Data traffic on a network is subject to traffic congestion from time to time. Further, often data traffic on a network is bursty and not uniform, and therefore subject to dynamic bottlenecks. Further, traffic distribution patterns and network buffer conditions change over time, sometimes sporadically, and therefore controlling congestion may be difficult because network traffic conditions can change dramatically even between routing updates.
Internet Protocol (IP) networks, are common examples of data networks, and include LANs, intranets, and internets. In a Mobile Ad Hoc Network (MANET), which may be implemented as an IP network, there may be additional constraints beyond the constraints that exist in a wired IP network. For example, a MANET may comprise a wireless LAN or WAN. With respect to Quality of Service (QoS), additional challenges in a MANET may include limited bandwidth to accommodate data throughput, a dynamic network topology caused by node mobility and an ad hoc or decentralized layout, and possibly reduced processing and memory capacity. These factors, may result in an increased probability of networking congestion, or network congestion at a particular node of the network, and jitter. Also, MANETs often face the challenge of delivering real-time services, including voice over IP (VoIP) and delivering video and multimedia data, with various QoS requirements, in addition to transmitting more traditional data. Data congestion on the network, or at a node of the network, such as at a queue of a network router, may result, for example, in queue overloading, which can cause data packets or datagrams to be discarded from the queue. Also, packets arriving later than a certain time period (as dictated by a maximum required latency QoS parameter) due to network congestion may be useless.
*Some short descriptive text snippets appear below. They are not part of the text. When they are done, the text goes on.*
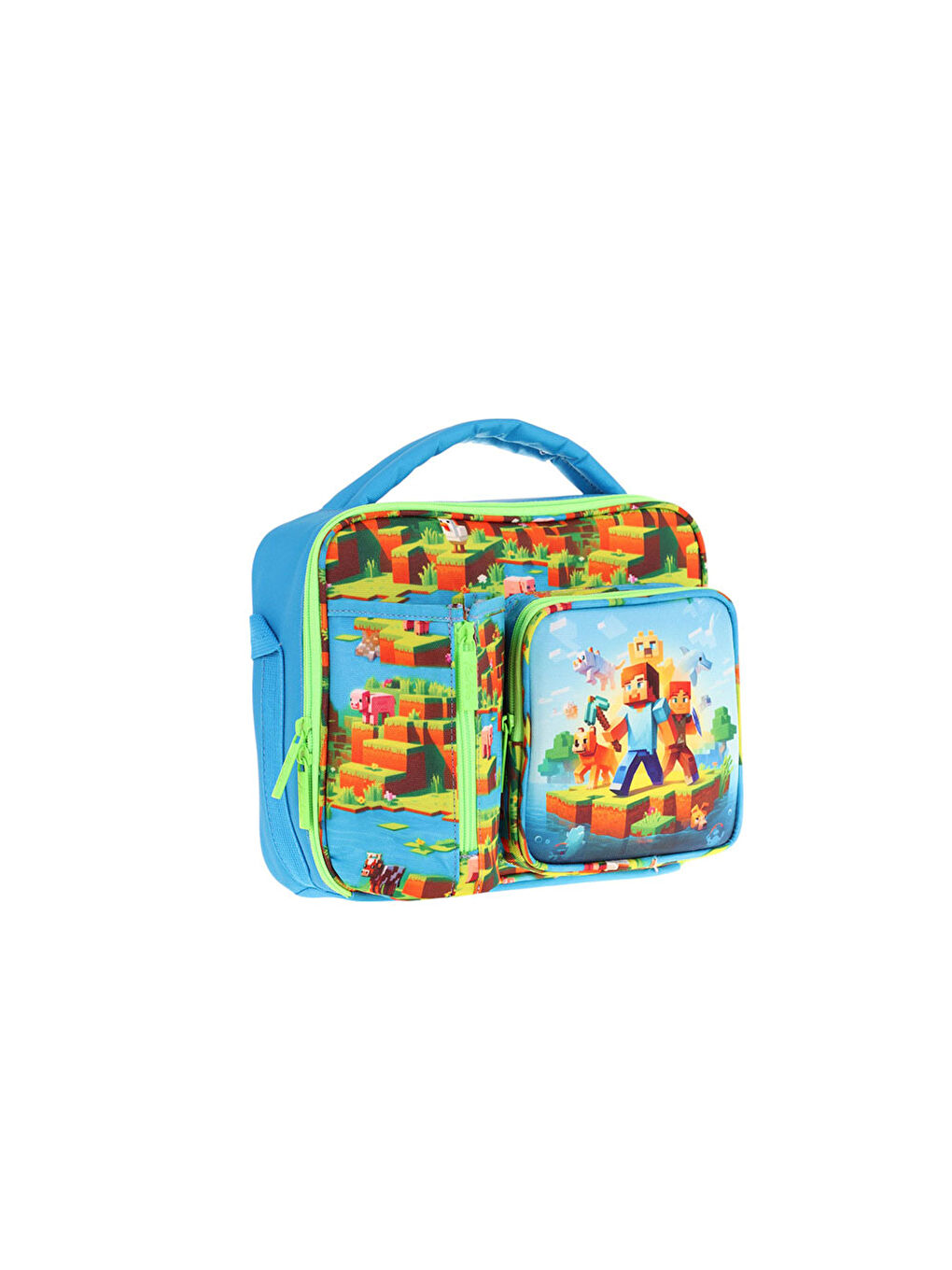 Kids Beslenme Çantası Flat Craft L7280-1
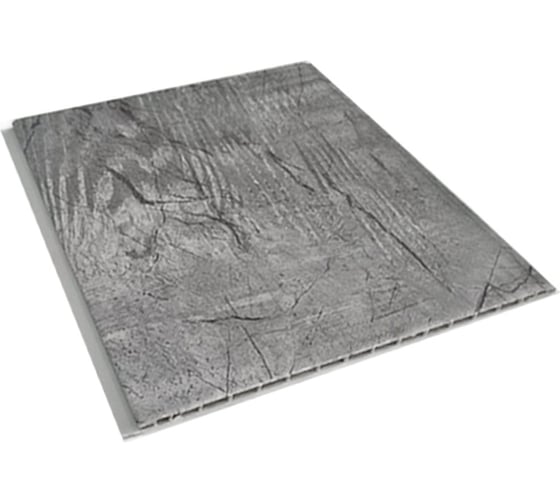 Изображение товара Панели ПВХ DeKOR panel Маренго ламинированные, 1 сорт, 6 шт в упаковке УТ-00092852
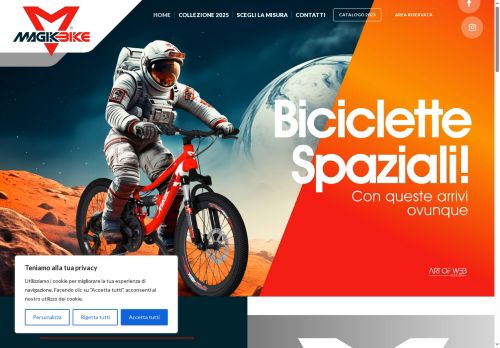 magikbike.it capture - 2025-06-09 13:34:17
Network traffic engineering techniques for congestion prevention and control include DiffServ (Differential Service) systems, in which a different priority of service is used, for different packets, based on the QoS of different classes of packet types. Implementations of DiffServ provide, for example, that voice traffic, such as VoIP, where QoS parameters often mandate stricter maximum allowable latencies, are assigned to a different packet priority class than packets for other types of data. For example, a data packet representing VoIP may have a maximum allowable latency of 200 msec compared with 800 msec maximum allowable latency for packets encoding other types of data. DiffServ does not require a separate signaling protocol. In the DiffServ system, equal treatment is given to all data packets (or data flows) of the same priority class, and packets may be assigned to different priority classes based on the QoS parameters of the packets.
Also, the RED (Random Early Detection) data traffic congestion control policy provides gateways for congestion avoidance according to which packets waiting in a queue are discarded at random when a congestion condition in the network is detected. (Sally Floyd and Van Jacobson, “Random Early Detection Gateways for Congestion Avoidance”, August 1993 IEEE/ATM Transaction on Networking.)
However, there remains the problem that during extended periods of excess queue depth (queue length), large-scale failure of packets may result as the queue gets overloaded. As discussed, dynamic bottlenecking may sometime occur in a bursty data traffic environment or at unexpected times. In such cases, the failure rate of quality of service deliverability due to congestion may be sudden as the queue overloads. For example, FIG. 3 shows such a drop in the number of packets meeting QoS parameters as congestion increases (x-axis) in the DiffServ environment. Maximum allowed latency is an example of such a QoS parameter.
There is a need therefore for a method and system that overcomes these problems by decreasing the number (or percentage) of packets not meeting QoS parameters, such as latency, as congestion increases, and achieves selective drop behaviors, such as more gradual packet failure rate as the queue depth or congestion increases, or concentration of packet drops into sessions that are most expensive to complete. Also, there is a need for a method and system that achieves a reduced number or percentage of data flows that do not meet QoS parameters.